## [WHAT YOU HAVE TO DO]
Find "Hook cover Coral 125" in the listing below, then set down only that line and each later line, unchanged, leaving out pictures.

--- MATERIAL FOR THIS TASK ---

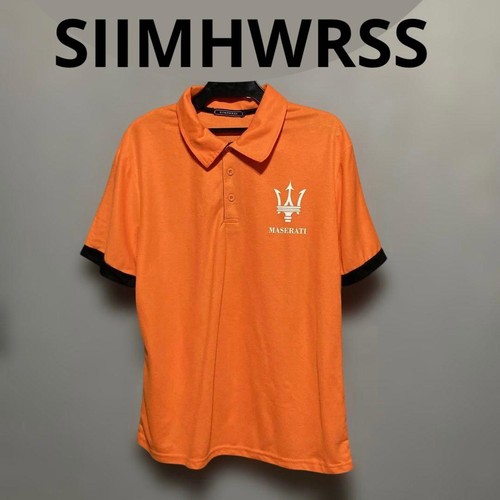 Siimhwrss men polo shirt - siimhwrss,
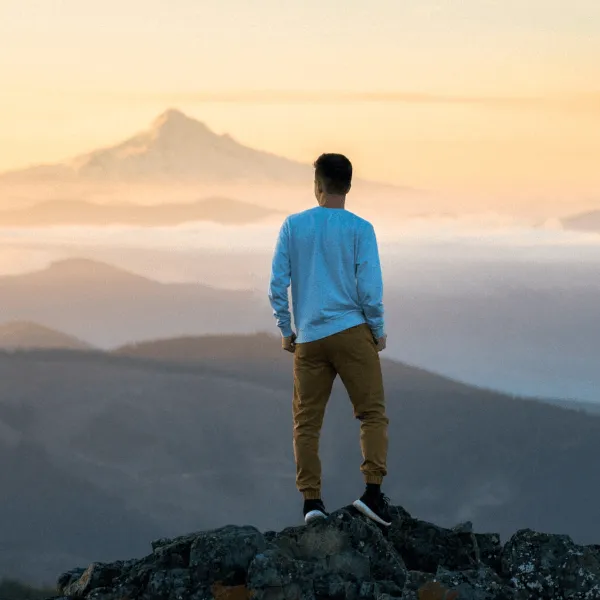 画像が入ります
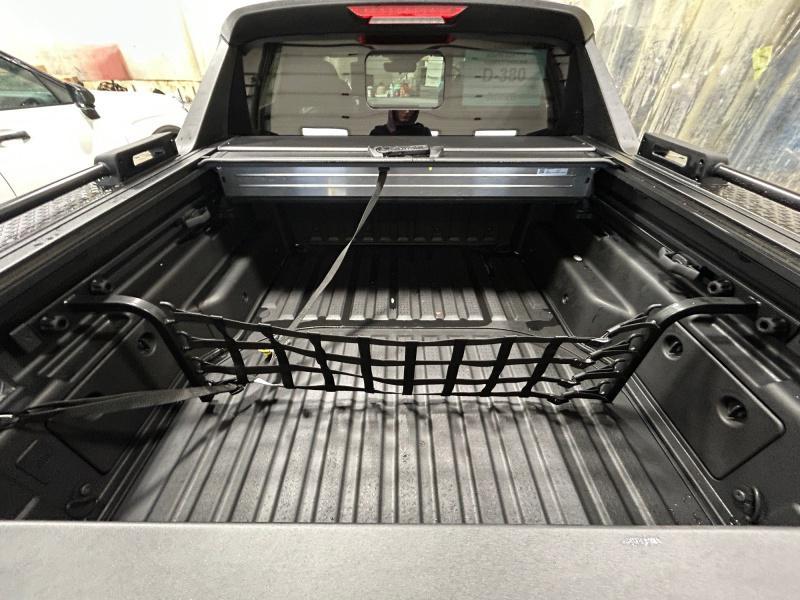 new 2026 Hyundai SANTA CRUZ car, priced at $39,529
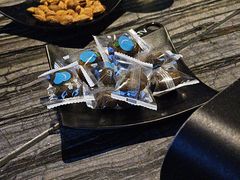 -魅KTV·AI辅唱(簋街店)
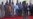 US, Partners Push for Peace in South Sudan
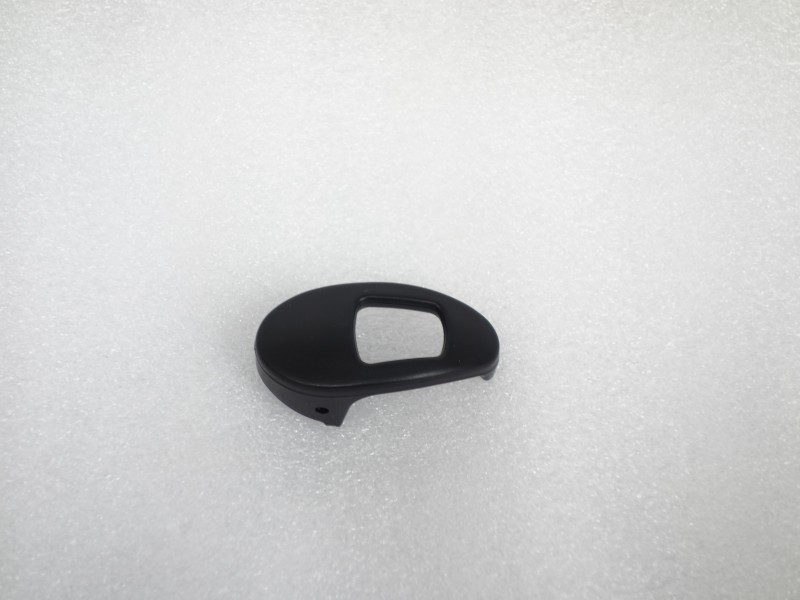 Hook cover Coral 125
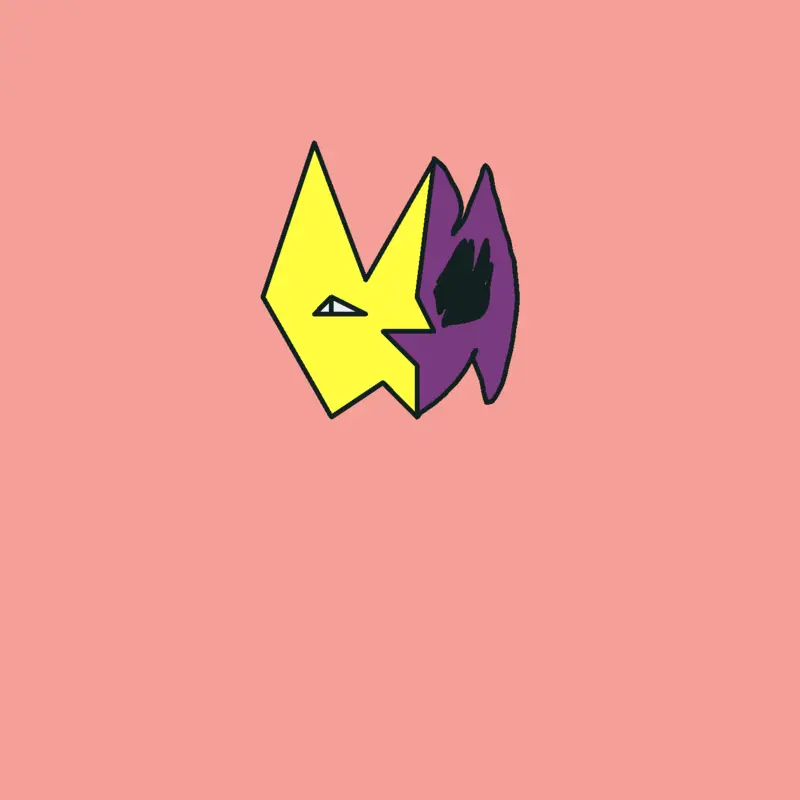 Game by @jobilin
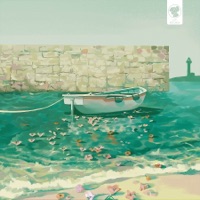 La Hague - EP - Blumen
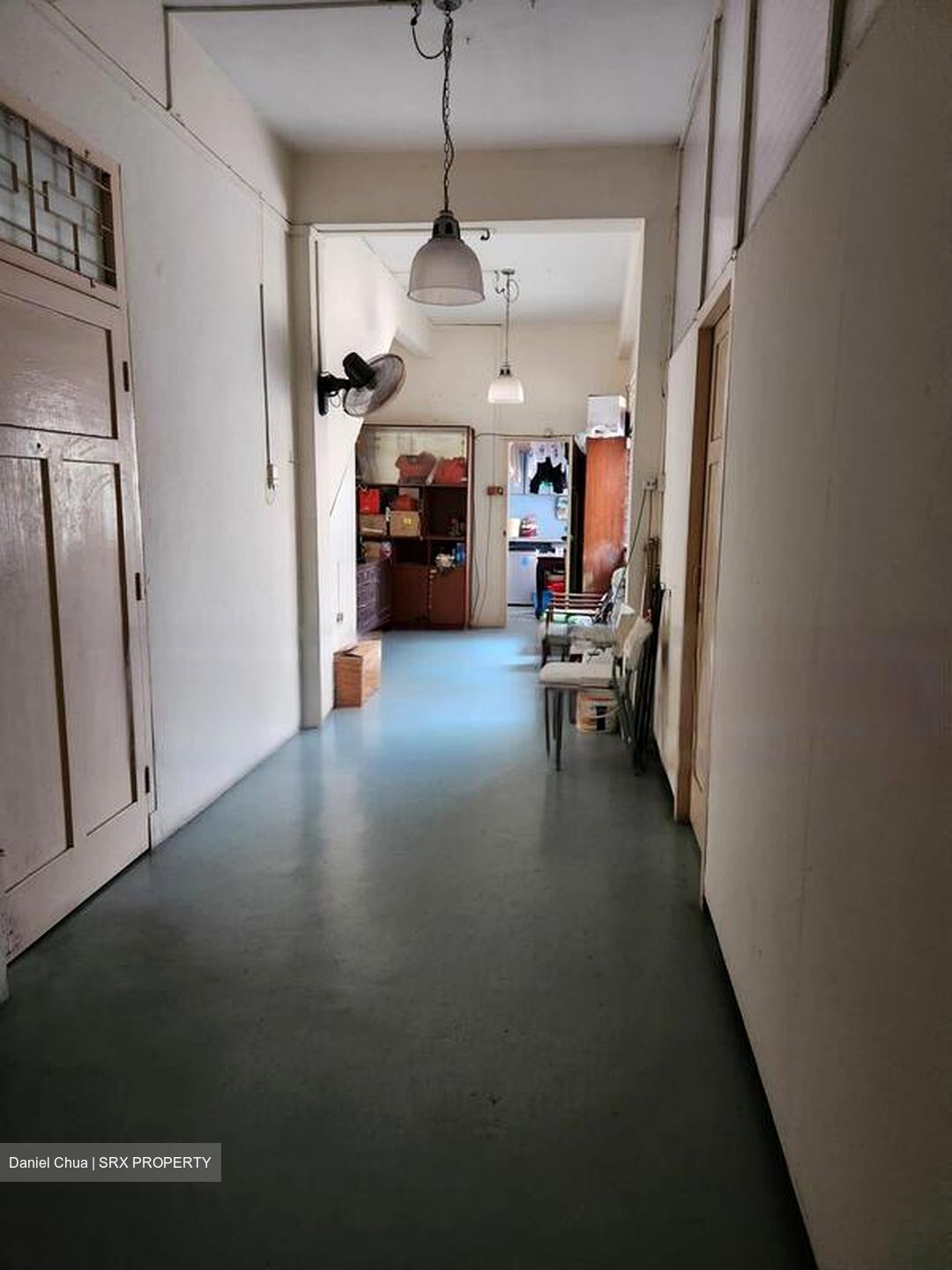 Lorong 25a Geylang (D14), Apartment #449890951
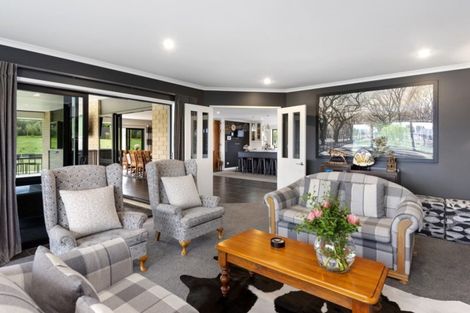 Photo of property in 67 Northside Drive, Waikuku, Rangiora, 7473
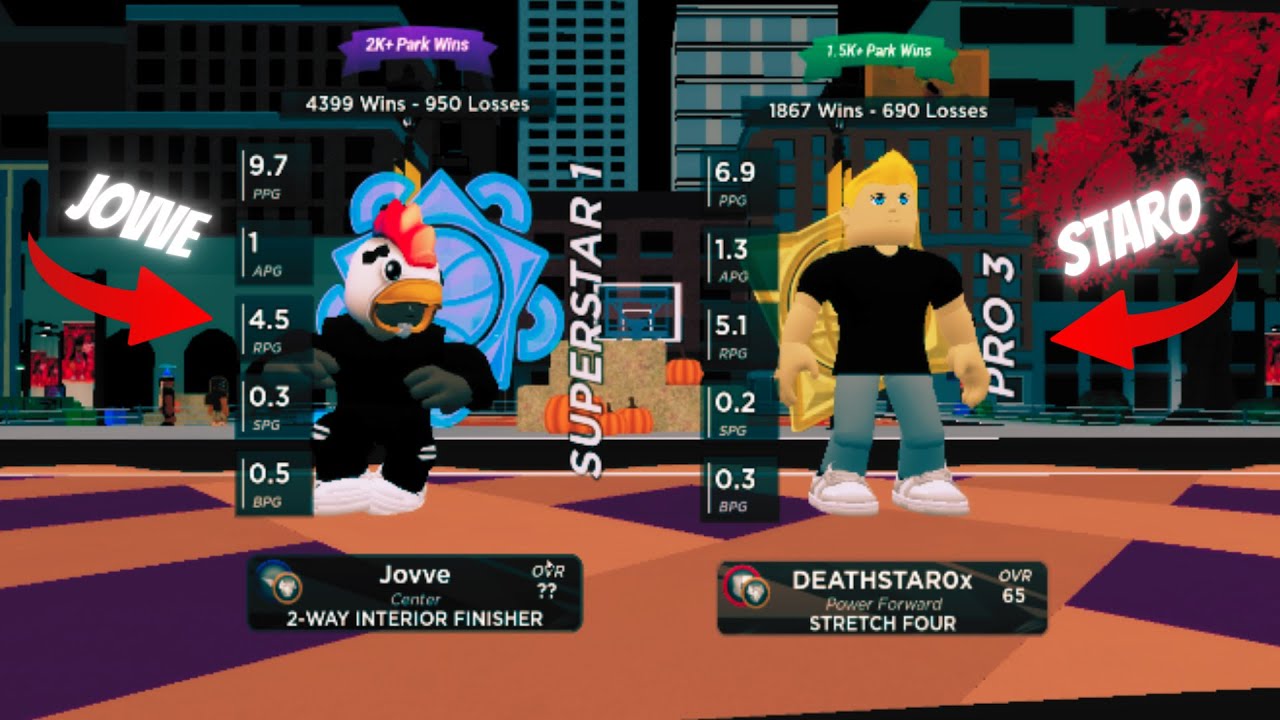 I beat @Jovve  in rh2...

---

## [ANSWER TO THIS PROBLEM]
 Hook cover Coral 125
 Game by @jobilin
 La Hague - EP - Blumen
 Lorong 25a Geylang (D14), Apartment #449890951
 Photo of property in 67 Northside Drive, Waikuku, Rangiora, 7473
 I beat @Jovve  in rh2...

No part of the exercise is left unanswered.